“Steig auf”, sagte das weiße Pferd. Es schimmerte golden in den Strahlen der untergehenden Sonne. Aljona zögerte. Sie war 8 Jahre alt und ihre Mutter hatte ihr eingeschärft, dass sie nicht mit Fremden weggehen dürfe. Aber war ein Pferd ein Fremder? “Wer bist du?” fragte Aljona. “Ich bin ein Bote des Weihnachtsmanns”, sagte das Pferd. “Du hast ihm geschrieben, und manchmal lädt er jemanden ein, der ihm schreibt. Er hat dich ausgewählt, ich weiß nicht warum, das musst du den Weihnachtsmann selbst fragen.”
Aljona stieg auf.

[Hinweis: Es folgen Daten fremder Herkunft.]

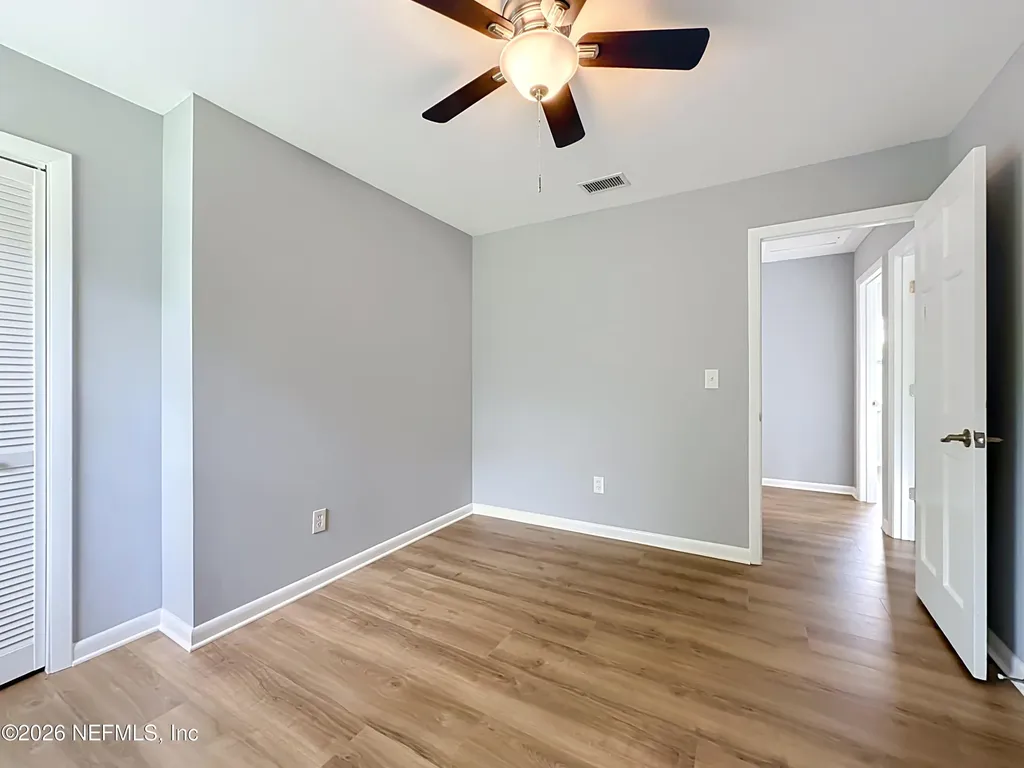 17421 Brandy Branch Road Jacksonville FL 32234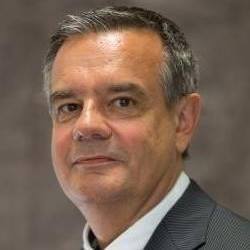 Ordre des pharmaciens : Bruno Galan élu à la tête du Conseil central A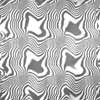 TXTR4474.GIF
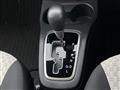 2019 Mitsubishi Mirage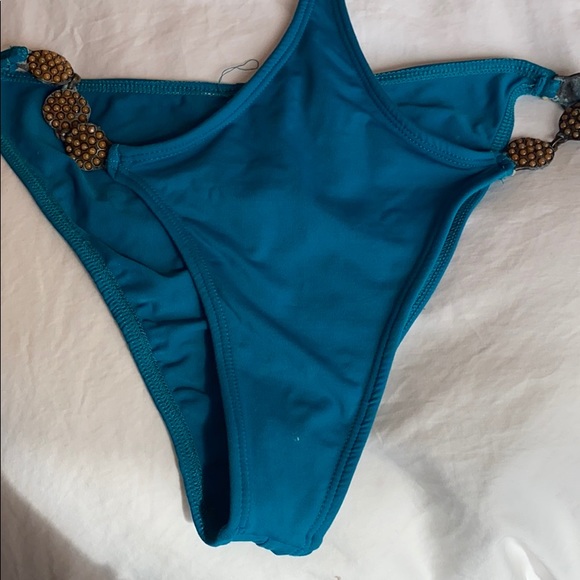 Super hot designer bathing suit - Picture 6 of 6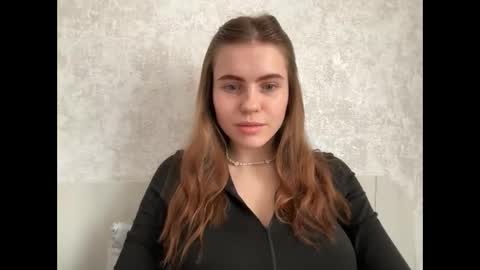 MaryYourr online show from April 2026 10:05:01 AM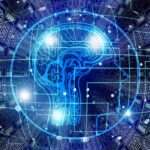 Is AI the Downfall of Uprise of Productive Real Estate Investing?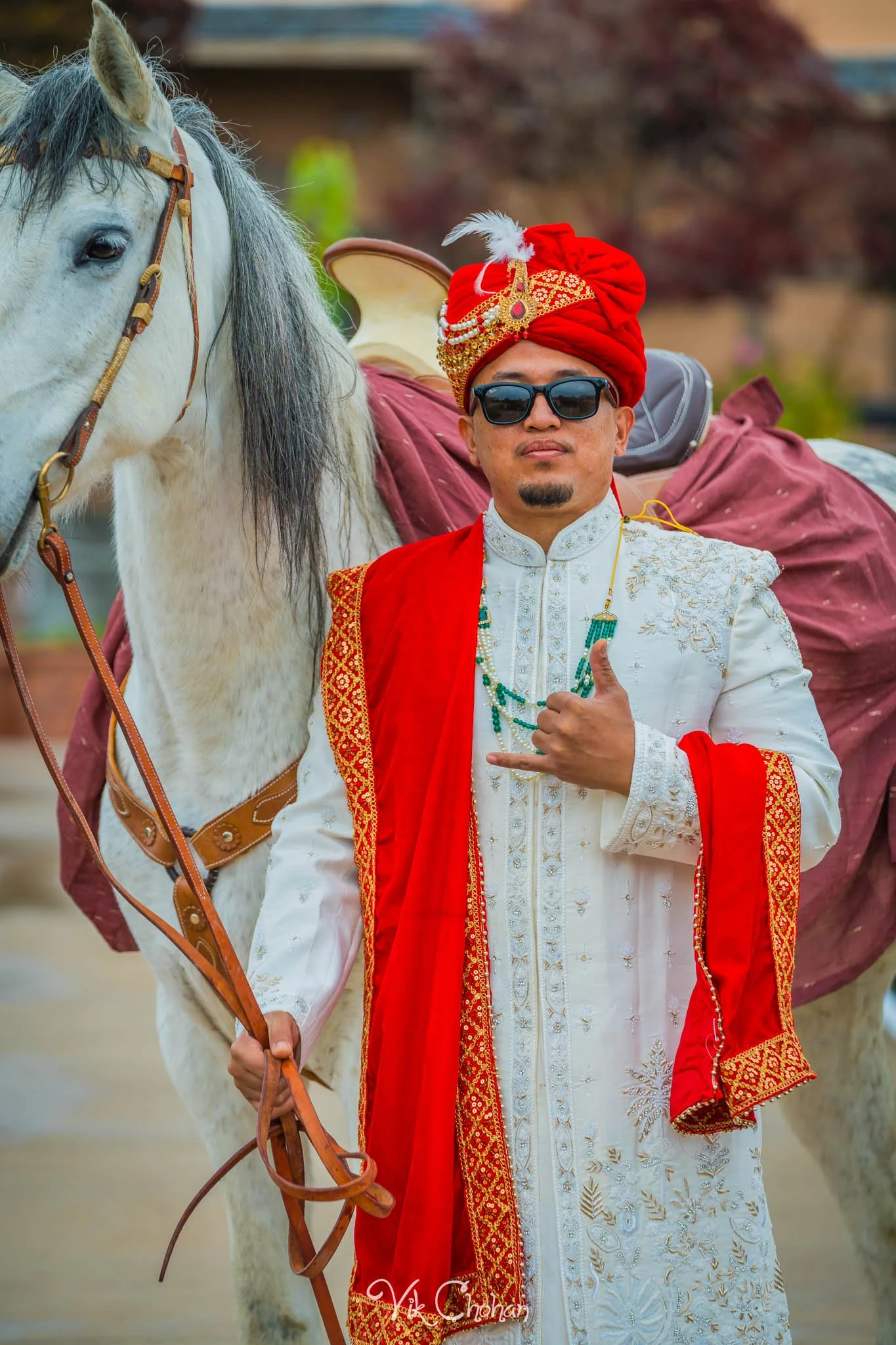 2025-11-15-Trishna-and-Cody-Indian-Wedding-Hindu-and-Jain-Temple-Vik-Chohan-Photography-Social-Media-VCP-139.jpg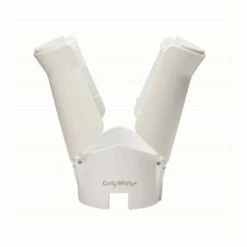 Baccarat Curly Whirly Plus Spiraliser -Gourmet Sales Shop pcp 1030754 4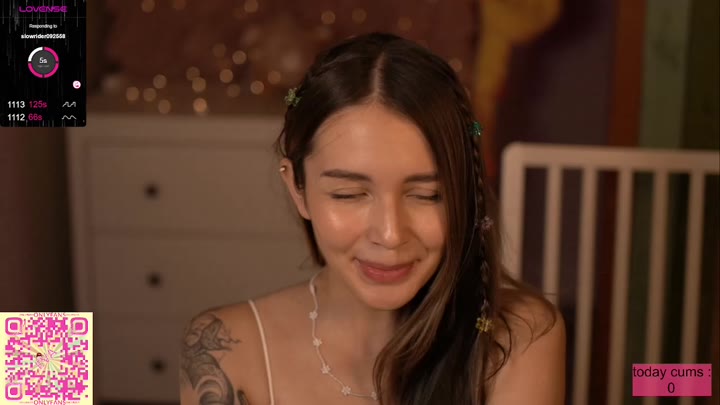 18 oooops_ leaked nude video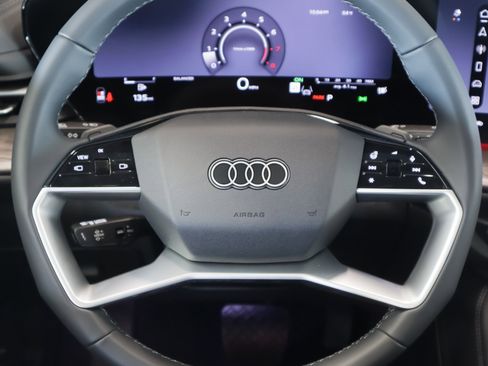 New 2026 Audi Q5 Premium Plus AWD/4WD image 15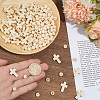 DIY Jewelry Making Findings Kits DIY-SC0034-08A-3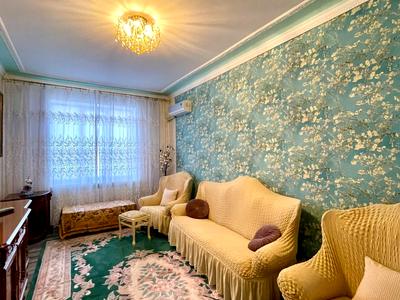квартира по адресу Алексея Тихого ул. (Виборзька), 40/16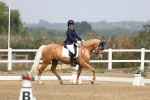 SBM_006123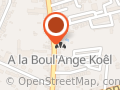 A La Boul'Ange KOEL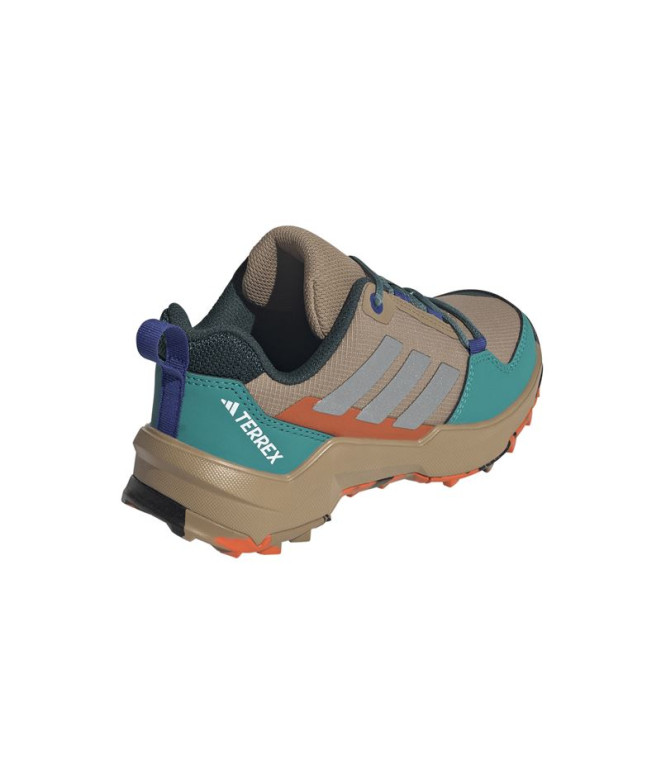 Sapatilhas de Montanha adidas Terrex Ax4R...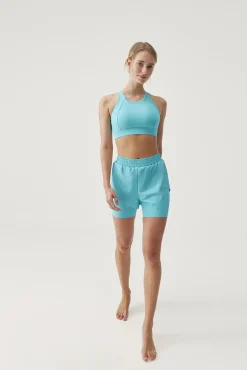 Top Bikila Provence
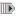 TControlBar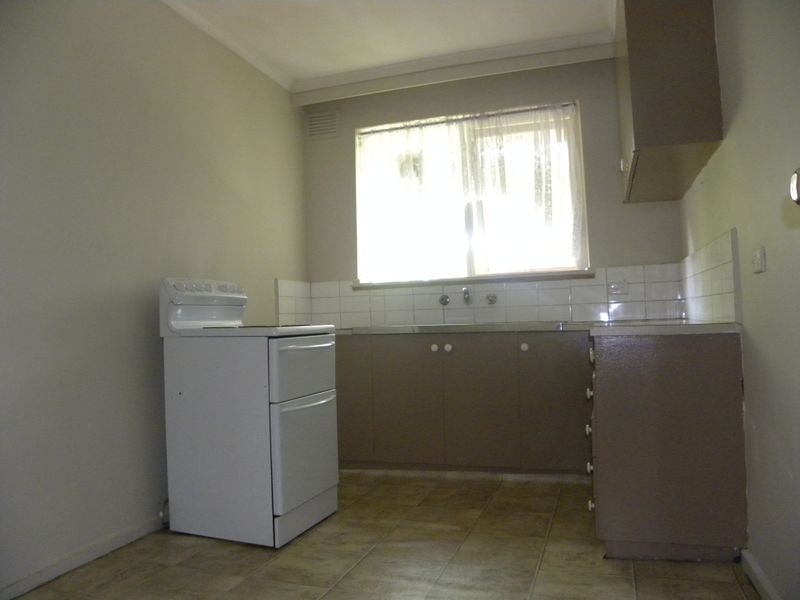 17/55 Clow Street, Dandenong VIC 3175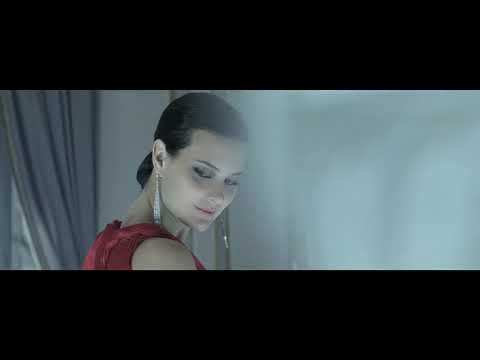 L'Odyssée de Cartier Aveillan 4k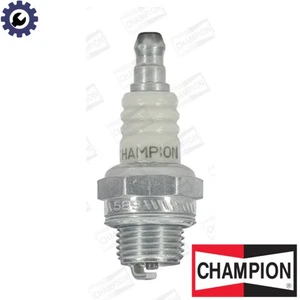 4x SPARK PLUG CCH893 - Picture 1 of 8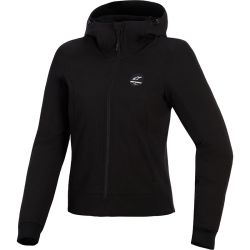 ALPINESTARS STELLA RADIUM TECH HOODIE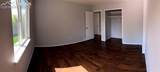 4257 Hunting Meadows Circle - Photo 10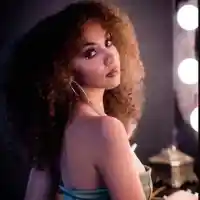 Българка е напът да вземе награда „Еми“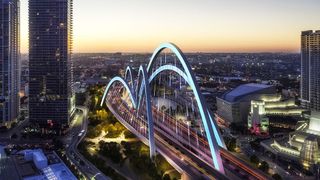 buebalm-ignaturebridgeproject-feature (Quelle: Bluebeam 2022, München)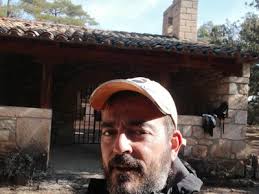 Las mejores rutas en Buenafuente del Sistal, Castilla-La Mancha (España)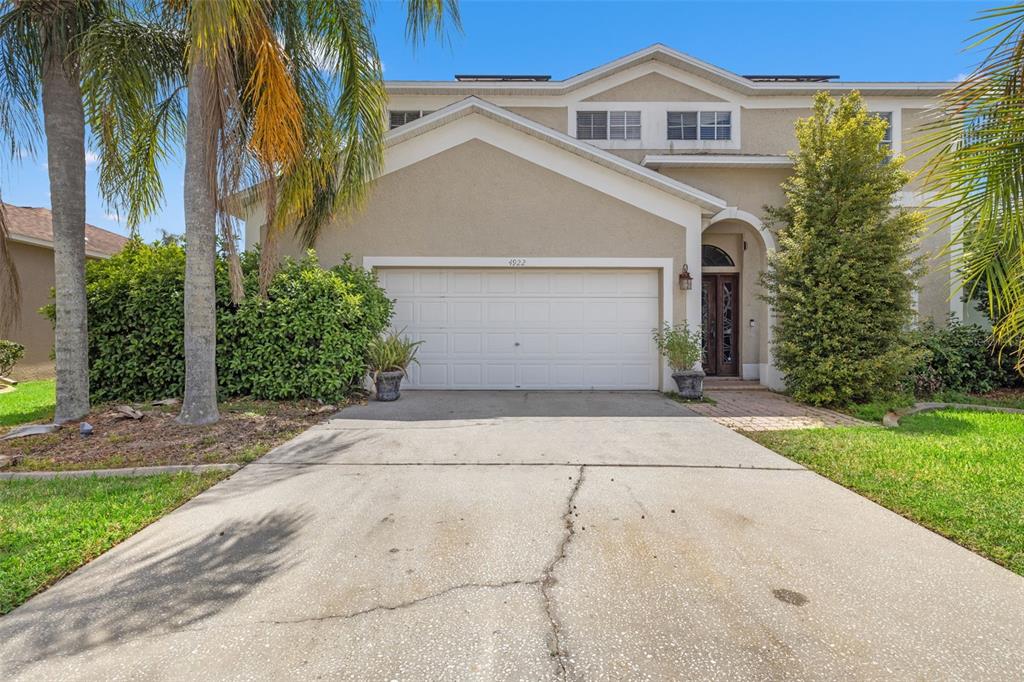 4922 Edgewater Lane Oldsmar, FL 34677 - Photo 4 of 41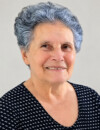 ĐORĐINA-ĐINA VUJOVIĆ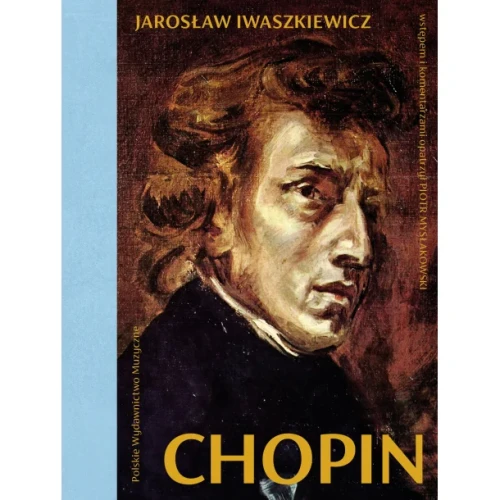 chopin_Iwaszkiewicz.webp
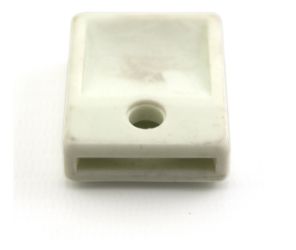 Toro 607562 Knob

Der Bote des Weihnachtsmanns breitete die Flügel aus und flog mit ihr zum Nordpol.
Der Offizier hatte gehofft, dass der Befehl heute, am Vorabend von Weihnachten, nicht gegeben würde. Aber der Befehl war trotzdem gekommen. Seufzend erhob er sich, um das Bataillon einzuweisen und die vielfältigen Vorbereitungen zu treffen.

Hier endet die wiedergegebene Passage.